With the Tokyo Olympics just six months away, a number of Bay Area athletes are ramping up their training, including one East Bay product who's vying for her third gold medal.
Maggie Steffens, one of the best female water polo players in the world, hails from Danville, where she was a star at Monte Vista High School before bringing her game to Stanford then helping Team USA to gold in the 2012 and 2016 Olympics.
Steffens is back in the pool, training in Southern California. It's the second time she’s had to prepare for the Tokyo games after they were postponed in 2020 because of the coronavirus pandemic.
For many athletes, the holdover was a punch in the gut after they worked so hard to prepare for 2020. But as Steffens sees it, when training for the Olympics, an athlete already is preparing for adversity. Being able to deal with the hardships surrounding the pandemic is what being an athlete is all about, she says.

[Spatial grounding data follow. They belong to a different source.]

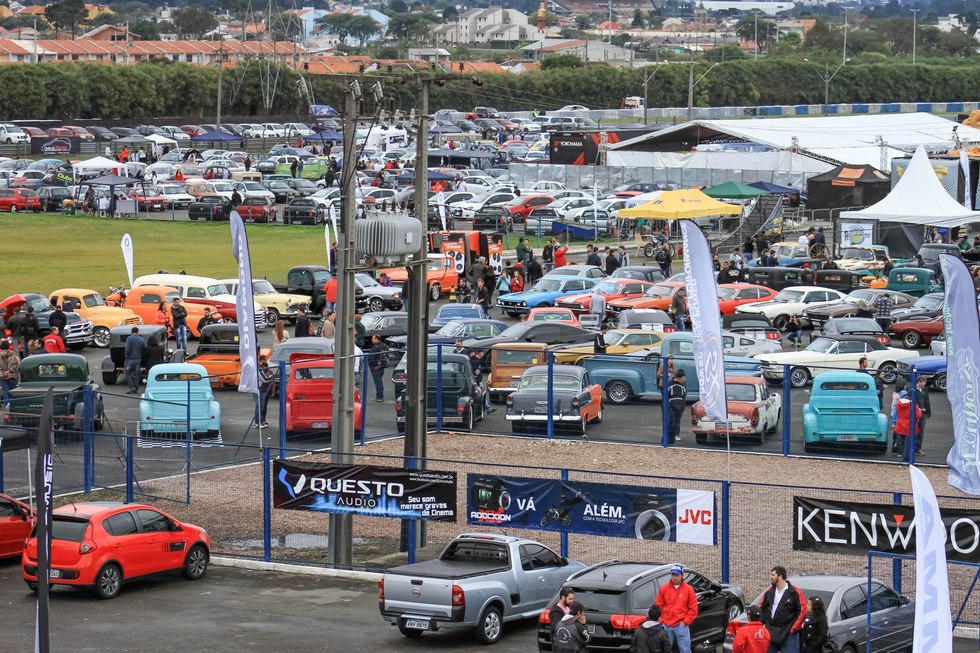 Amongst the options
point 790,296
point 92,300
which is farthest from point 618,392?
point 92,300

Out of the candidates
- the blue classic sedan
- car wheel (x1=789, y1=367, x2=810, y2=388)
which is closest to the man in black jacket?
car wheel (x1=789, y1=367, x2=810, y2=388)

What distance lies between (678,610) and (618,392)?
572 inches

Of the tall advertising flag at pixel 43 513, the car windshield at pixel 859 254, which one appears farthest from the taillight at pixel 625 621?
the car windshield at pixel 859 254

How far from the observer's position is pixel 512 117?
128 metres

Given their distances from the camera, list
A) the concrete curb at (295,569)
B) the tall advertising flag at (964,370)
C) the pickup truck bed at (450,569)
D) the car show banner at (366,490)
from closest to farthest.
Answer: the pickup truck bed at (450,569) < the tall advertising flag at (964,370) < the car show banner at (366,490) < the concrete curb at (295,569)

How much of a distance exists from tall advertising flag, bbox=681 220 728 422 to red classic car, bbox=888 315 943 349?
17.0 meters

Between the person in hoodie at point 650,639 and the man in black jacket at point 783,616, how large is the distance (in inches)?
41.3

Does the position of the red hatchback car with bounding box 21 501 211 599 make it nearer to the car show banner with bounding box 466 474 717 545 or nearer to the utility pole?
the utility pole

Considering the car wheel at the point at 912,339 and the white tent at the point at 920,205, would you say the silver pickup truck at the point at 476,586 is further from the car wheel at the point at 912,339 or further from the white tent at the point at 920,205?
the white tent at the point at 920,205

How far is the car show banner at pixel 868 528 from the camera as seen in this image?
56.2 ft

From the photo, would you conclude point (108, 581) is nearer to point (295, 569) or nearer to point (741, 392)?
point (295, 569)

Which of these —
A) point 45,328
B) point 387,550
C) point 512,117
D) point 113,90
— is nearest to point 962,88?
point 512,117

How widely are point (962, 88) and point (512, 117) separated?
211ft

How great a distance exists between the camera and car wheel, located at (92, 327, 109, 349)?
38.1 metres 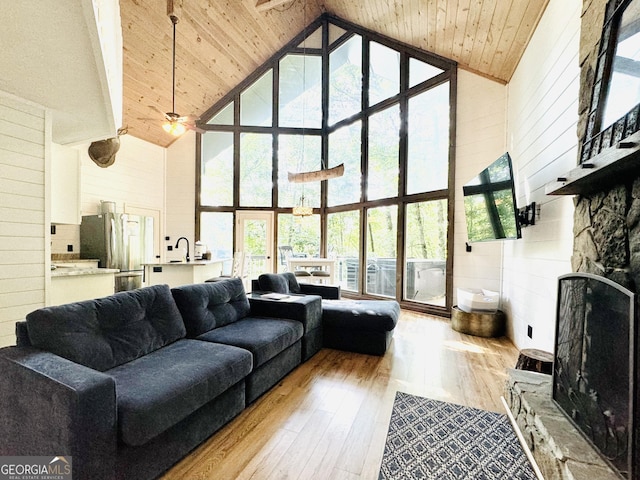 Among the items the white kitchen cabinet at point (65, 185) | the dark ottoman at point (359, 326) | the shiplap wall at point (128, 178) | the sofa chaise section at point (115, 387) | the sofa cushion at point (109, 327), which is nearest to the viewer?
the sofa chaise section at point (115, 387)

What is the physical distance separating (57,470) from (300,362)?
76.5 inches

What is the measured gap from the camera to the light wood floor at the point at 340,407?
5.29 ft

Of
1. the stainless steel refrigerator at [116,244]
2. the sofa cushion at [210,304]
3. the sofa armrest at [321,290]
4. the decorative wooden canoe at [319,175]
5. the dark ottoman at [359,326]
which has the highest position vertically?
the decorative wooden canoe at [319,175]

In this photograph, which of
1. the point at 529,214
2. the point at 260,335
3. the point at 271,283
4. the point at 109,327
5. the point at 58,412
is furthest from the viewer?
the point at 271,283

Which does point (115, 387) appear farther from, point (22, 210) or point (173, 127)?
point (173, 127)

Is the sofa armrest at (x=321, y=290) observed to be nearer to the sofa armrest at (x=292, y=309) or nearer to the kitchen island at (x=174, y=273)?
the sofa armrest at (x=292, y=309)

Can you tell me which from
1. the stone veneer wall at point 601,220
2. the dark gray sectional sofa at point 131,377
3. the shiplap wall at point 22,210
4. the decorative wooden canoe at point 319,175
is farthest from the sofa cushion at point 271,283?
the stone veneer wall at point 601,220

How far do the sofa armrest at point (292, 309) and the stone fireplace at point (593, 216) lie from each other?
176 centimetres

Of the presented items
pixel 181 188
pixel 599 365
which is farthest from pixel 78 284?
pixel 599 365

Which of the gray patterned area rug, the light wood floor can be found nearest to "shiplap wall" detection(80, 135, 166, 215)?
the light wood floor

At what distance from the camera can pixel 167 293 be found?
2311 millimetres

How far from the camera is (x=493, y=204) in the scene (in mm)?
3279

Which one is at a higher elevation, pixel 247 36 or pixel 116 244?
pixel 247 36

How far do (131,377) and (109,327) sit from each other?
1.41 feet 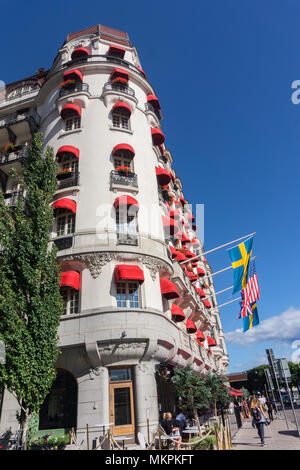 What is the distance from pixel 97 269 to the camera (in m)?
17.3

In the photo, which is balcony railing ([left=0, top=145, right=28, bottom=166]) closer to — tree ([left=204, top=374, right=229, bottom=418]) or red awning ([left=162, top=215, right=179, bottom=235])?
red awning ([left=162, top=215, right=179, bottom=235])

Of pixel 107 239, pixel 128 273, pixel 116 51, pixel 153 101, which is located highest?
pixel 116 51

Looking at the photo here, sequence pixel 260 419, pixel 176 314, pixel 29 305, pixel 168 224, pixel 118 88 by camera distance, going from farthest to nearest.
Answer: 1. pixel 118 88
2. pixel 168 224
3. pixel 176 314
4. pixel 29 305
5. pixel 260 419

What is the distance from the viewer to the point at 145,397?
49.7ft

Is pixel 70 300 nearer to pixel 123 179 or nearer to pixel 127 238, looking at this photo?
pixel 127 238

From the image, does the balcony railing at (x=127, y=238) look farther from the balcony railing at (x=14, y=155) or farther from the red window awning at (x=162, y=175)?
the balcony railing at (x=14, y=155)

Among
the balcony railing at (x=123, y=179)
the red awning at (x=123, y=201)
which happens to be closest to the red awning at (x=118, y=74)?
the balcony railing at (x=123, y=179)

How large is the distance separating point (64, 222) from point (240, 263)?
40.6 feet

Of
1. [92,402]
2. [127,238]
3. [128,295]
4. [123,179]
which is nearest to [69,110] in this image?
[123,179]

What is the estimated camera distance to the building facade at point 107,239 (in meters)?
15.5

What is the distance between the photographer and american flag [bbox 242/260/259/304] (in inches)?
897

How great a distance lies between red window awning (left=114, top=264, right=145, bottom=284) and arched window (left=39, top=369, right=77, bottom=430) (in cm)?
591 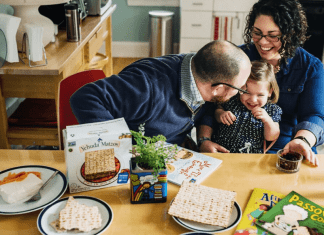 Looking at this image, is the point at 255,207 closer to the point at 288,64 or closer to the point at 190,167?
the point at 190,167

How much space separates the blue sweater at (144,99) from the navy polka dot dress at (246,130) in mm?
267

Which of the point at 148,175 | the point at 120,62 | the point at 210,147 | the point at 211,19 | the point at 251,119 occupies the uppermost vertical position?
the point at 211,19

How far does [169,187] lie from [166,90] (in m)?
0.54

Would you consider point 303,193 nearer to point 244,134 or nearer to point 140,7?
point 244,134

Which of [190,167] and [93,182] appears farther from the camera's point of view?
[190,167]

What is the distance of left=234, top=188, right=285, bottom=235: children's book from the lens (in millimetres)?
1030

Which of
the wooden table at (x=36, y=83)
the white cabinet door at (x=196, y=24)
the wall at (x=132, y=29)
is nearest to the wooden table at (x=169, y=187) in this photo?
the wooden table at (x=36, y=83)

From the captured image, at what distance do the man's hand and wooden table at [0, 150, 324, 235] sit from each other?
342 mm

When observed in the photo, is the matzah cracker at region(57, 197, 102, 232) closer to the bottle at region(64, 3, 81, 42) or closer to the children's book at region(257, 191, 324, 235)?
the children's book at region(257, 191, 324, 235)

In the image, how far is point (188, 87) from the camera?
1610 mm

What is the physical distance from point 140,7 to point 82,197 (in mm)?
4235

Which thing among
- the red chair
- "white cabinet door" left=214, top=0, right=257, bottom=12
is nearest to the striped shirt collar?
the red chair

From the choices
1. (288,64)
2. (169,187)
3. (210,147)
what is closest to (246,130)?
(210,147)

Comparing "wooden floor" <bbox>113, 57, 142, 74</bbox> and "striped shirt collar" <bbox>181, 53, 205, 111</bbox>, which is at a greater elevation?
"striped shirt collar" <bbox>181, 53, 205, 111</bbox> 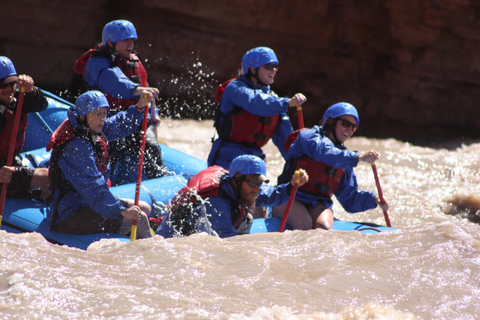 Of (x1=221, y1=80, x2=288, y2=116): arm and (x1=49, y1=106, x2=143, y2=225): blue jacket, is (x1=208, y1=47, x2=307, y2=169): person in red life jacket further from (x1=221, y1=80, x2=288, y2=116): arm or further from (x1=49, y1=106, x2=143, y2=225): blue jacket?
(x1=49, y1=106, x2=143, y2=225): blue jacket

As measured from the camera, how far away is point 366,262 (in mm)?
3609

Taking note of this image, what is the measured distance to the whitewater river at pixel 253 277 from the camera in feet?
9.15

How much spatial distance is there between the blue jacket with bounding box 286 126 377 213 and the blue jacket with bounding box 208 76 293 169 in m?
0.42

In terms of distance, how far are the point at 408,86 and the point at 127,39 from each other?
6.27m

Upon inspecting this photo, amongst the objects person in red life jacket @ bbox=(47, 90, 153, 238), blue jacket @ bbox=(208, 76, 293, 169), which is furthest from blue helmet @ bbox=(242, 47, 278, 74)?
person in red life jacket @ bbox=(47, 90, 153, 238)

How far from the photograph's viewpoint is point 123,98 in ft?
16.8

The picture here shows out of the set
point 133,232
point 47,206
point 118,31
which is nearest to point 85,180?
point 133,232

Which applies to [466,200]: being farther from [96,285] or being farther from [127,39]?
[96,285]

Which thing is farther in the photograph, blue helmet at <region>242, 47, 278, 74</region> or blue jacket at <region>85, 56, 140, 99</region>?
blue helmet at <region>242, 47, 278, 74</region>

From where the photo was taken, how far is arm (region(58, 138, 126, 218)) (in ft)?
13.3

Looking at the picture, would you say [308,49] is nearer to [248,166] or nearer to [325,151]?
[325,151]

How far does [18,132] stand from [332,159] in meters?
2.58

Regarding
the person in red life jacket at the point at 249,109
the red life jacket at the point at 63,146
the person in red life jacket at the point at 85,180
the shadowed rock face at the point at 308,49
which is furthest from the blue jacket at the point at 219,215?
the shadowed rock face at the point at 308,49

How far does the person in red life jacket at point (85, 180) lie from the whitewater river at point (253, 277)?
0.56 metres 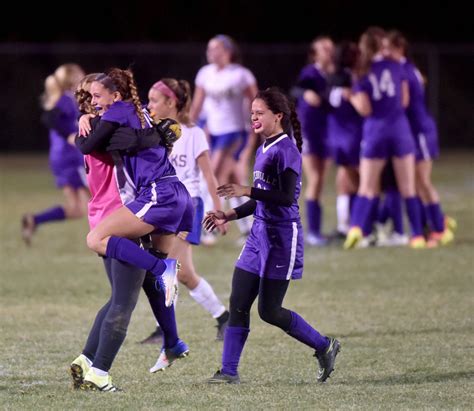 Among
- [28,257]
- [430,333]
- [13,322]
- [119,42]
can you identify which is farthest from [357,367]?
[119,42]

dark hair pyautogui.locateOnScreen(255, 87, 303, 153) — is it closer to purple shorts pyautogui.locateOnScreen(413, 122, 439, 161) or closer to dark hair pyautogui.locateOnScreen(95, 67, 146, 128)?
dark hair pyautogui.locateOnScreen(95, 67, 146, 128)

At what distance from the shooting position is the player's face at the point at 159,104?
24.2 feet

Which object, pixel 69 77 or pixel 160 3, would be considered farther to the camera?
pixel 160 3

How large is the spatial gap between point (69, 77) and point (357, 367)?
5973 millimetres

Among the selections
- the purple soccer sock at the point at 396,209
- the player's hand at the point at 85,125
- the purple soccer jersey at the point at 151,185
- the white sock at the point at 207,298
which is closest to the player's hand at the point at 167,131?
the purple soccer jersey at the point at 151,185

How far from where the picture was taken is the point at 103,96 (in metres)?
6.34

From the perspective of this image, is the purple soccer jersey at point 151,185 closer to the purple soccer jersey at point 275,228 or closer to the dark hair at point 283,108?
the purple soccer jersey at point 275,228

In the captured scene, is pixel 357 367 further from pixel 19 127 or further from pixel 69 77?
pixel 19 127

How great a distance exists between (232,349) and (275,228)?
0.71 m

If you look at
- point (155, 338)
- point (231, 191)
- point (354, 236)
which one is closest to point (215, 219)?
point (231, 191)

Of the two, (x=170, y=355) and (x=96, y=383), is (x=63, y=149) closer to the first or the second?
(x=170, y=355)

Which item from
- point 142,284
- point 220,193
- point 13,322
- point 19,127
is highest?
point 220,193

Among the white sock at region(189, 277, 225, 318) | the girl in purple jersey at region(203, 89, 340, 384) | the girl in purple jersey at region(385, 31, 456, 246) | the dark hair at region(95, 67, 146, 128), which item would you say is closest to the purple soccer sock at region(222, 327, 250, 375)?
the girl in purple jersey at region(203, 89, 340, 384)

"We always want to control what we can control, but sometimes that gets smaller and smaller and smaller," Steffens said.
The U.S. women's water polo team only recently was allowed back into the pool at their facility in Southern California, where they're training six-and-a-half hours a day, six days a week. Before, they were just training on dry land.
"I think it made us appreciate the training that we have even more," Steffens said. "Almost like we’ve been given this extra opportunity to improve."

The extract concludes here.